DIRECTIONS FOR THIS TASK: Among the entries below, find how many lines carry the word "doll" and state only that figure.

STUDY MATERIAL:
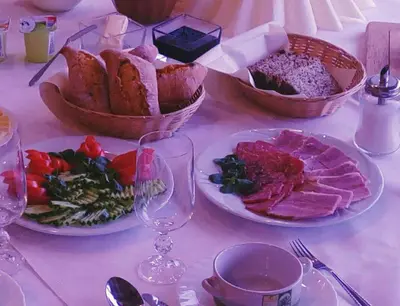 a table with plates of food and bowls of food at Hotel Centras in Šakiai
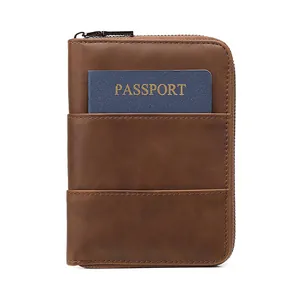 Vintage brown crazy horse leather RFID passport holder with secure zip closure and front pocket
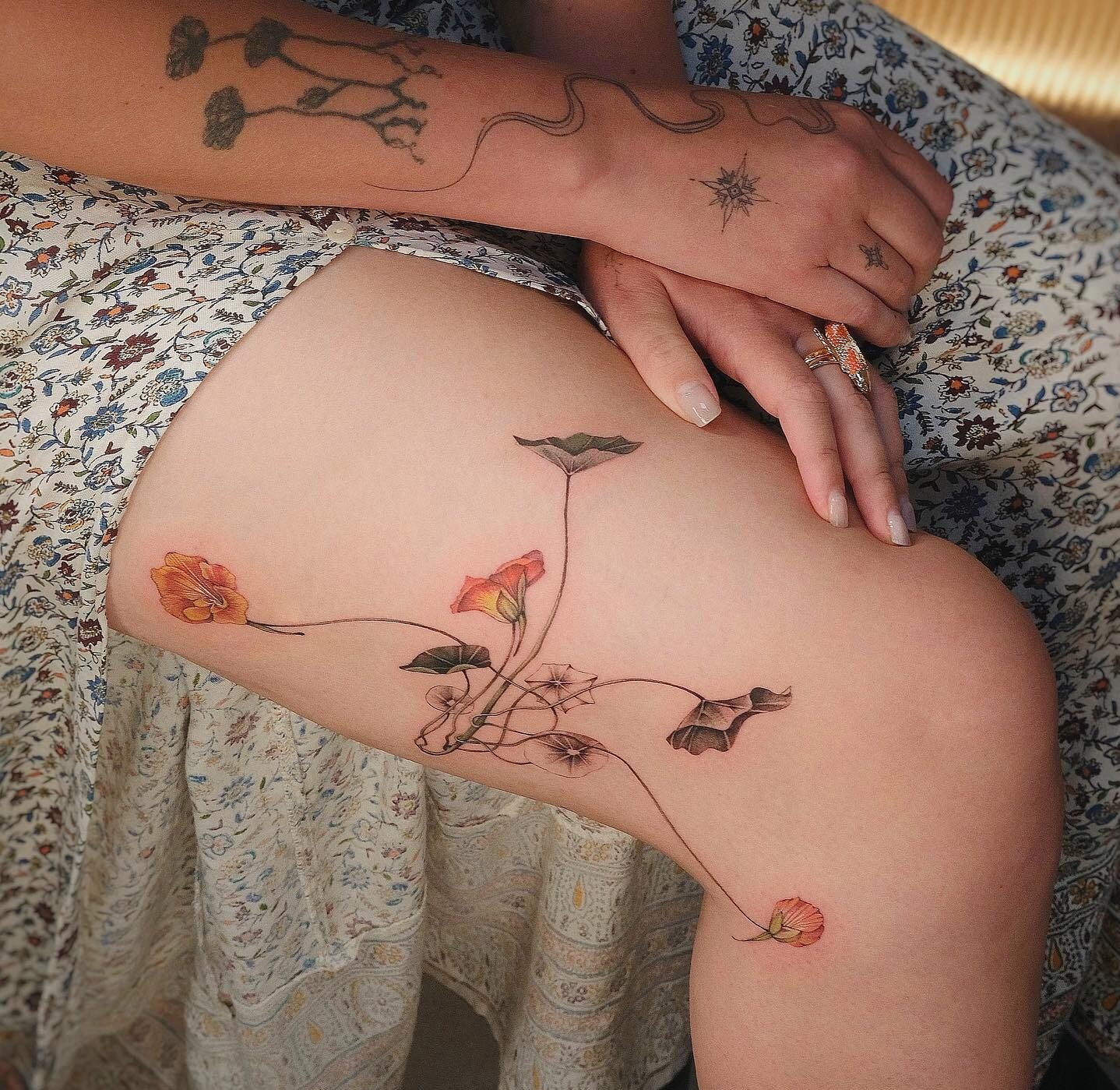 Dainty Flowers Thigh Tattoos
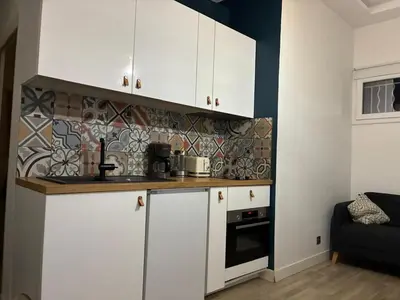 a kitchen with white cabinets and a tile wall at petit appart cozy in Nice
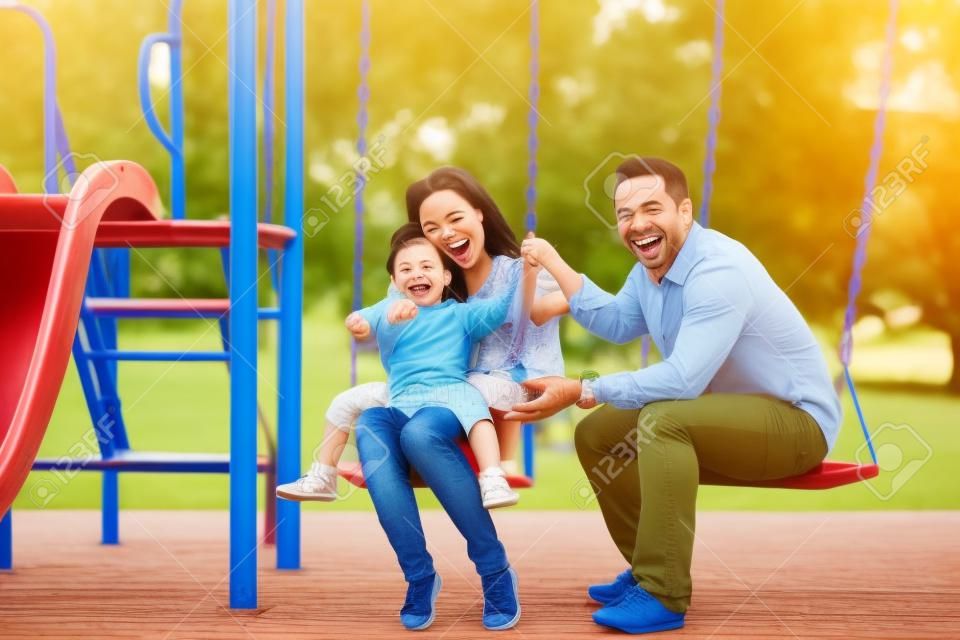 Ritratto della famiglia allegra che gioca insieme nel campo da giuoco mentre sorridendo alla macchina fotografica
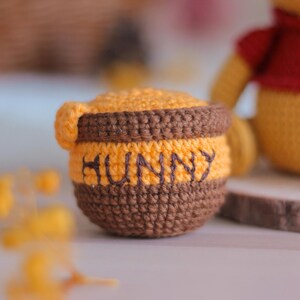 amigurumi pattern
crochet doll pattern
handmade doll
handmade decor diy
cute easy tutorial
craft stuffed toy
honey pot crochet
hunny pooh crochet
winnie the pooh
amigurumi pooh
pooh crochet pattern
hunny pot pooh
pooh amigurumi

ANSWER FOR THIS EXERCISE: 2